Is It Fun Being You?

I watched a tape of an old “Boston Legal” show the other night. Although I don’t particularly like the series — it was mostly smugly rich lawyers in a large firm behaving badly — the byplay between William Shatner (Denny Crane) and James Spader (Alan Shore) was riveting. You don’t see many instances of male friendship in movies or on TV, which is compelling enough, but the two characters often talk about matters that are beyond the general fare of television. (Not that I would know — I seldom watch television, though I have a couple of series and a couple of partial series on tape for no other reason than that I have them.)

One such conversation occurred during the show I viewed. Denny, despite his growing Alzheimer’s, had just experienced a triumph over his ilness by having a significant impact on a trial, and afterward while decompressing with Shore on the balcony of Denny’s office, Denny says, “It’s fun being me.” Then he turns to Shore and asks, “Is it fun being you?”

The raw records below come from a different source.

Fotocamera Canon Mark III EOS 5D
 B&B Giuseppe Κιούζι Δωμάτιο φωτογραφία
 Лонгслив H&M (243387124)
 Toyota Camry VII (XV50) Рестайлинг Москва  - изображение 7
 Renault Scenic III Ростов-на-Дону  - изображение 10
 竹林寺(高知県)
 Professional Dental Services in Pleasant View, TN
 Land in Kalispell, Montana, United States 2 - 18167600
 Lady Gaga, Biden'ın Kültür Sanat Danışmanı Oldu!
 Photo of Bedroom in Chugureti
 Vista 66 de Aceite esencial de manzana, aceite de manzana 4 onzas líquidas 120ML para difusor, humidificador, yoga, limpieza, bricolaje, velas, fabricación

Such a simple question, one I had never considered. Is it fun being me? Although I can’t get the question out of my mind, I truly have no answer to it. I have fun, of course, and while fun is not my raison d’etre, perhaps it should be. Life dumps plenty of sorrow and responsibility on me — I certainly don’t need to heap more problems on myself, and besides, having fun would help balance my life.

But that was not the question. Denny did not ask, “Are you having fun?” He asked, “Is it fun being you?” — which is something completely different.

I’m the one in glasses.

I’ve always taken life and myself too seriously to have fun being me. Oddly, Alan Shore once described me when I was young without knowing he was doing so. As he says to one of his female associates, “When I look at you, I see one of those little schoolgirls, running around in her plaid skirt, always to class on time, the first to raise her hand, the neatest of . . . penmanship.” Yup. That was me.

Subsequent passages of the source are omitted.